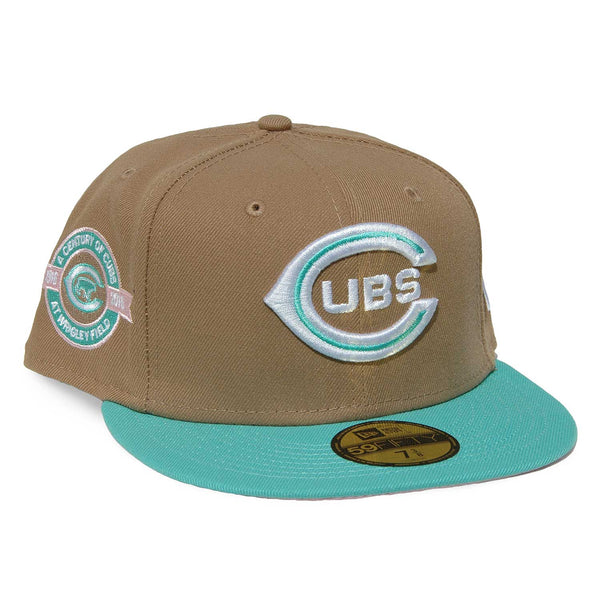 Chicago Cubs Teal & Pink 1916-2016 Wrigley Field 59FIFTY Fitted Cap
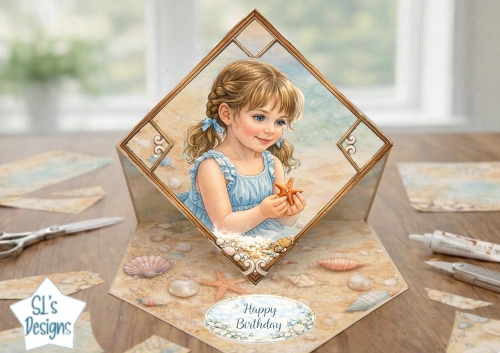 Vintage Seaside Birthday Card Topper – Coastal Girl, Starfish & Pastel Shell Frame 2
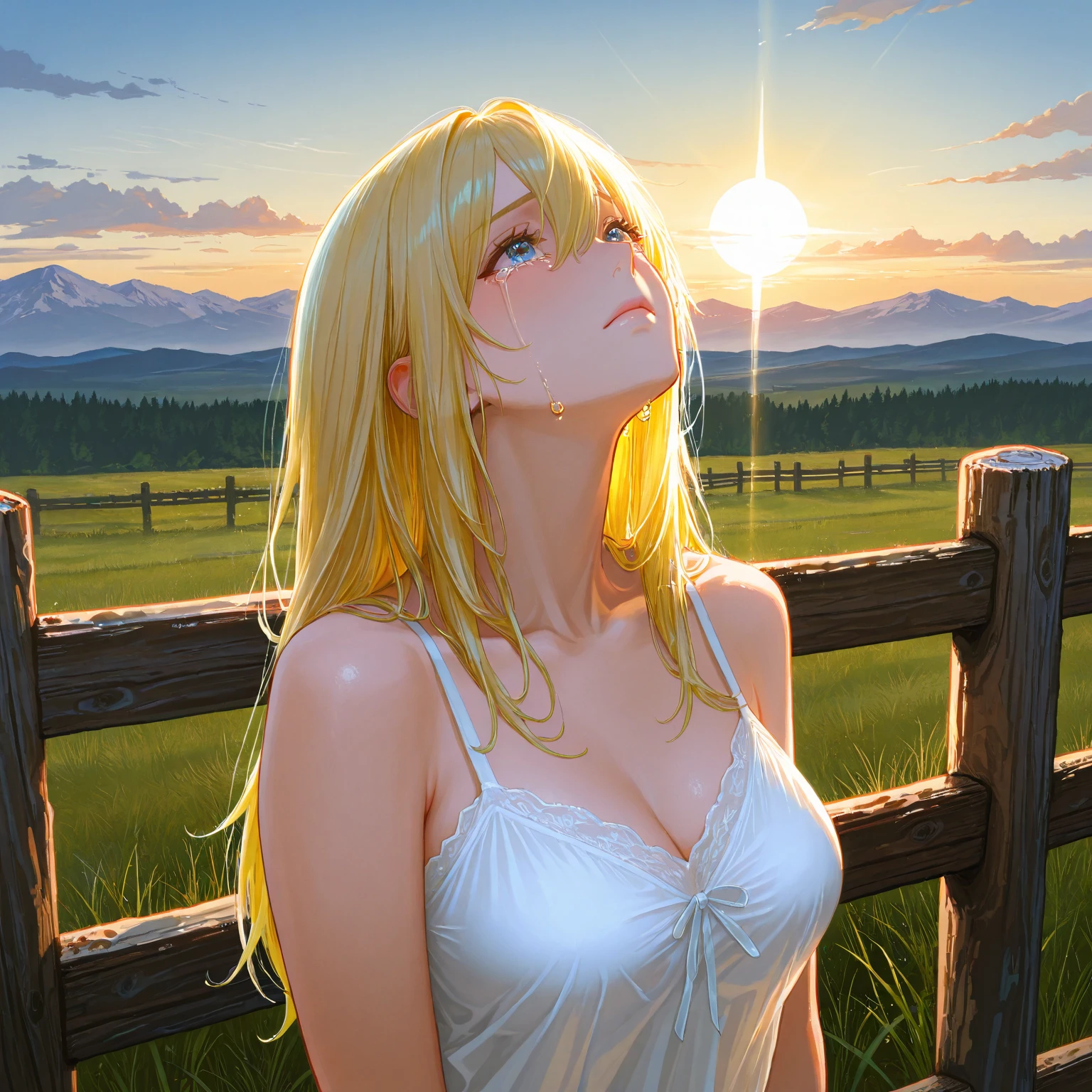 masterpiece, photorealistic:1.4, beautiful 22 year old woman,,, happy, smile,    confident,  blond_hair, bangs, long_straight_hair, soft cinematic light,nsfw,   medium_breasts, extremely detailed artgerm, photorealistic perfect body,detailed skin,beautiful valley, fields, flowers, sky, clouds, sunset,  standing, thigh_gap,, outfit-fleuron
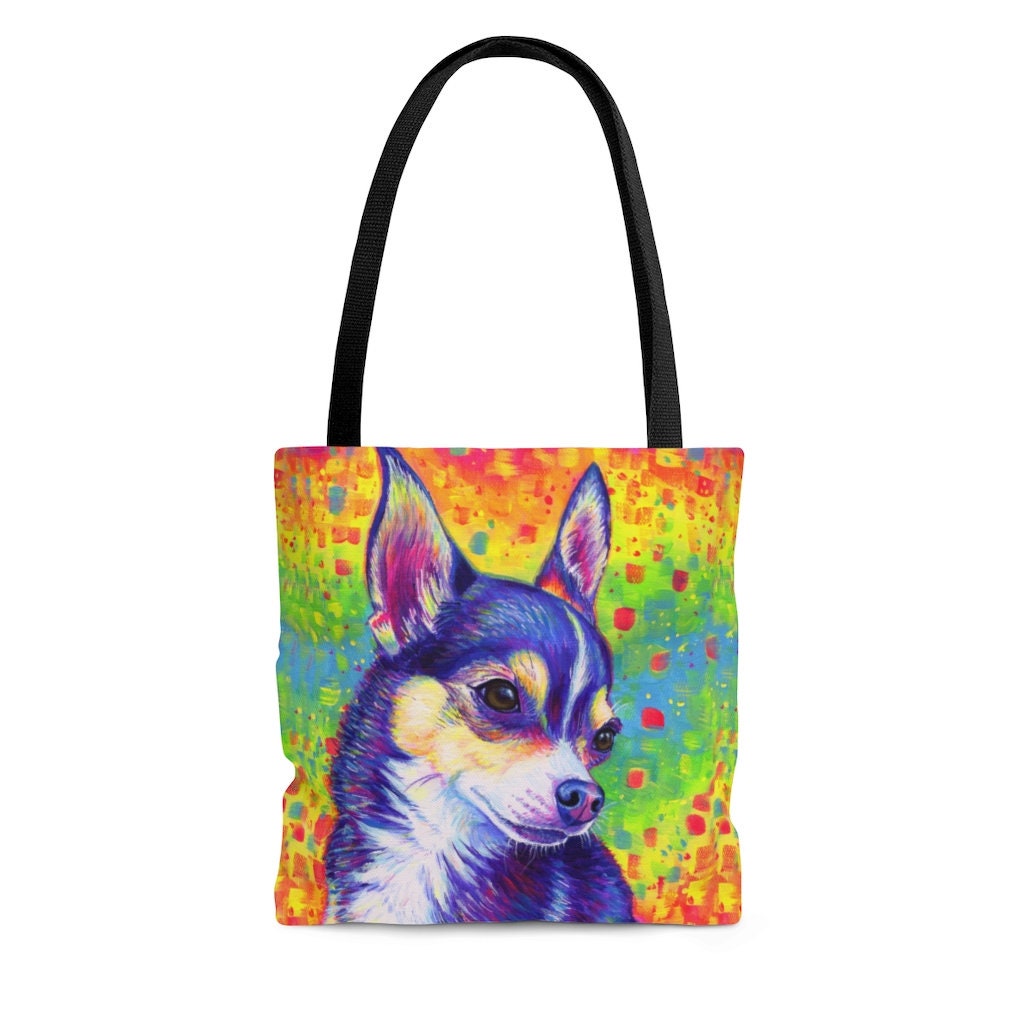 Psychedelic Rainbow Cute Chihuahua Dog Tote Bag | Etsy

━━━━━━

■ **Goal of the exercise**
What's needed is every line above, retyped exactly and free of pictures.

■ **Solution**
 Chicago Cubs Teal & Pink 1916-2016 Wrigley Field 59FIFTY Fitted Cap
 Vintage Seaside Birthday Card Topper – Coastal Girl, Starfish & Pastel Shell Frame 2
 masterpiece, photorealistic:1.4, beautiful 22 year old woman,,, happy, smile,    confident,  blond_hair, bangs, long_straight_hair, soft cinematic light,nsfw,   medium_breasts, extremely detailed artgerm, photorealistic perfect body,detailed skin,beautiful valley, fields, flowers, sky, clouds, sunset,  standing, thigh_gap,, outfit-fleuron
 Psychedelic Rainbow Cute Chihuahua Dog Tote Bag | Etsy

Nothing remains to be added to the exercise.